By Brian Hightower | 04.11.14
Brian Hightower is giving us an inside look into Tiger Rugby's trip to the Melrose 7s. Here's installment #3.
Banner Day: the lost bags arrived, the sun came out, and I tasted Haggis for the first time!
Praise the Lord and Pass the Sunscreen
During this morning’s run, the sun actually broke all the way through the clouds...for two minutes. The crew was so taken by the rare appearance of the glowing orb that the training run was briefly halted. Tomorrow is supposed to be balmy. Partly sunny and in the mid-fifties! Paul Holmes, who handles the strength and conditioning, will have to factor for the heat, and may have to scale back the running and increase fluids.
The Quiet Ones
Some of the skinny on this Tiger squad:
A few of the players have stepped into natural roles as vocal leaders on the field. Their chatter comes from confidence that has been forged through experience and by virtue of their position on the field. Taylor Howden - “Tails” - leads the huddles (he also leads the team in tatooed skin coverage) and measures his words carefully. He doesn’t talk a lot, but when he does, it is meaningful. Ata Malifa and Zar Lawrence have been playing side by side, and if there is chatter on the field, it is usually coming from one of them (sometimes the subject matter is even about rugby). In a footrace, bet the farm on Zar. Zach Pangelinan and Don Pati are alternating halfbacks and give clear, simple directions during play. Both have good command of the game. Pati also has command over the sweetest mustache among us.

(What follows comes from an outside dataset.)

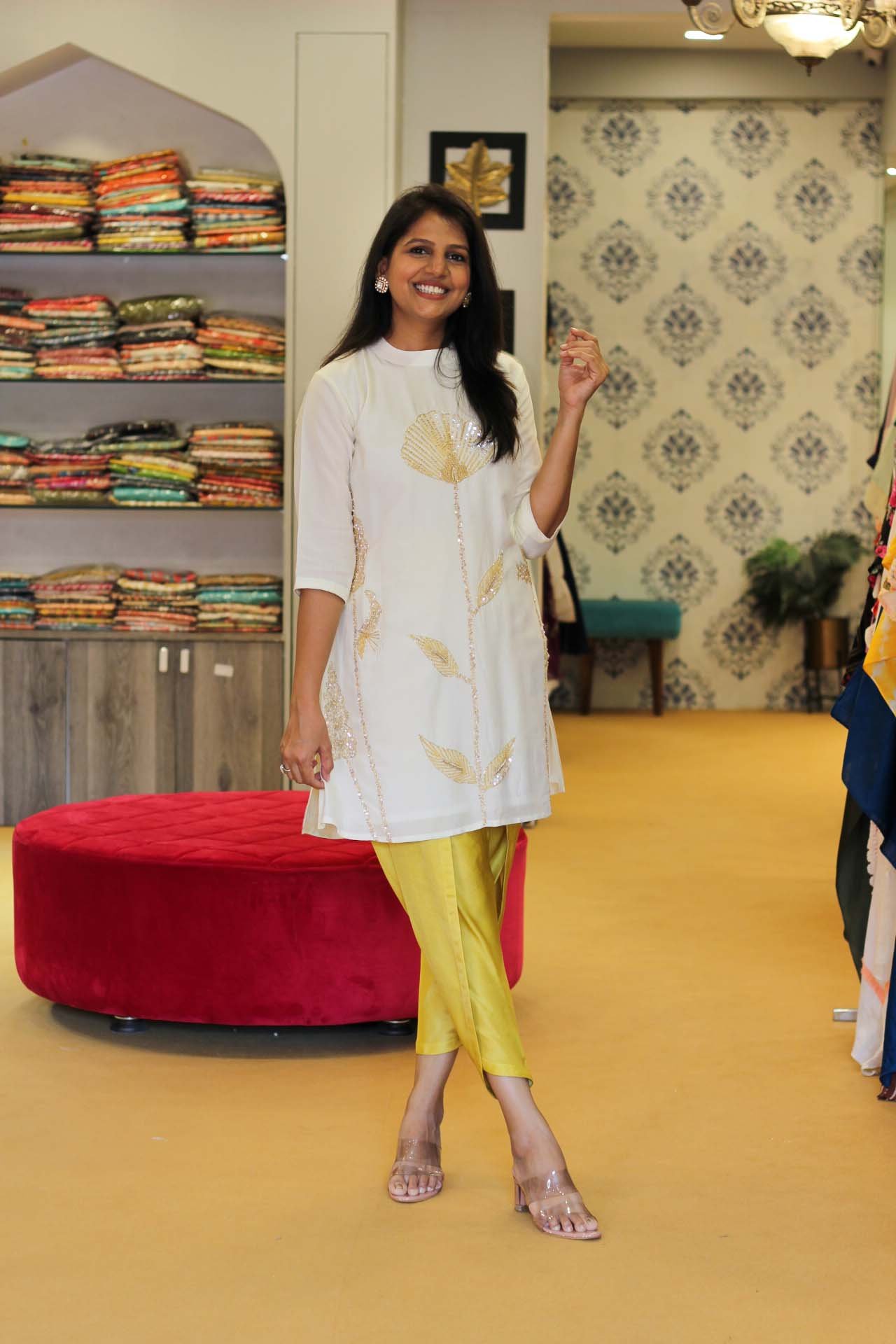 Pearl Top and Yellow Dhoti Set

There’s an old adage, “It’s the quiet ones you have to watch out for.” With this team, that may hold true. Mike Ziegler-‘Grumpy Z’ (a nickname he hates) - has been on a few tours in his time. He saves his energy off the field remaining somewhat quiet, despite his experience. He is a great restart winner, and has good ball handling skills for a big man. Darin Claasen has played for the Tiger Cubs, and is a silky, deceptive runner with solid skills. He may be the one player that you’ve never heard of that could have the most impact on this team’s performance. Dominic Mauer may be able to squat the entire opposing team. He plays in the backs, is built like a bulldog, and has pace to burn as well. If he could legally wear his Carhart hunting lid as a scrumcap, he would. Thretton “Thretts” Palamo is a bona fide threat on the field. Our entire party, not so secretly, is counting on Palamo on a blistering crash run, with a few bodies in front of him so that we can all see what human bowling looks like. He is a shy, gentle giant, and one of the last people on earth that I’d want to tackle. Then there’s Perry Baker, perhaps the quietest of the quiet ones. He is the embodiment of smooth, with a frame that is, shall we say, aerodynamic. He’s a greyhound. Count on this formula: Baker + Space = Try.
Why the Tigers get to Show Their Fangs in Scotland...
Keith Seaber has been around the game of rugby forever. There is wide speculation here in the Tiger camp that when William Webb Ellis carried the ball with ‘a fine disregard for the rules of football...’ that he had actually received a pass from Keith. Alright, he’s not that old, but close.
His rugby resume began as a Cambridge student during the days when Hitler was using England for target practice, and when Seaber wasn’t diving over goal lines, he was diving into bomb shelters. Eventually he left his native land for North America, taking with him a passion for his beloved sport. Despite his career in the Royal Navy, he apparently lacked the navigational skills to find the United States the first time around and instead landed in Canada. There, he began a lifetime of working within the game and establishing connections that continue to bear fruit decades hence. In fact, the very reason why there is a Tiger rugby tour can be traced back to Seaber’s connections with Scottish rugby and the town of Melrose. He walks among the good people of this town as an adopted son.
The specifics of Keith’s ties to the game are too numerous to list. Both this author and tour manager Brian Vizard played 7s for him during our own glory days. His contributions to American rugby were recognized with induction into the founding class of the US Rugby Hall of Fame in 2011. Fittingly, his commemorative ring was presented by Vizard just last night in an intimate dinner here at the Melrose Rugby Clubhouse. This afternoon, Keith unconsciously rubs the new foreign object on his finger. It barely slides over an arthritic knuckle. No matter, he won’t be taking it off any time soon.
Men like Keith are responsible for the traditions of this game that we love, and it is important that we give them their due. They exist in every true rugby community. Players will come and go, teams will fail or succeed, but the backbone of the game consists of people who have dedicated their energies and their free time to ensuring that there are opportunities for players like Pati, Pangelinan and Palamo. They are the keepers of the rugby ethos, our own invisible equivalent of the Olympic torch, that is lit and then carried by players and supporters alike during every rugby event. It has been lit here in Melrose. Long may it burn.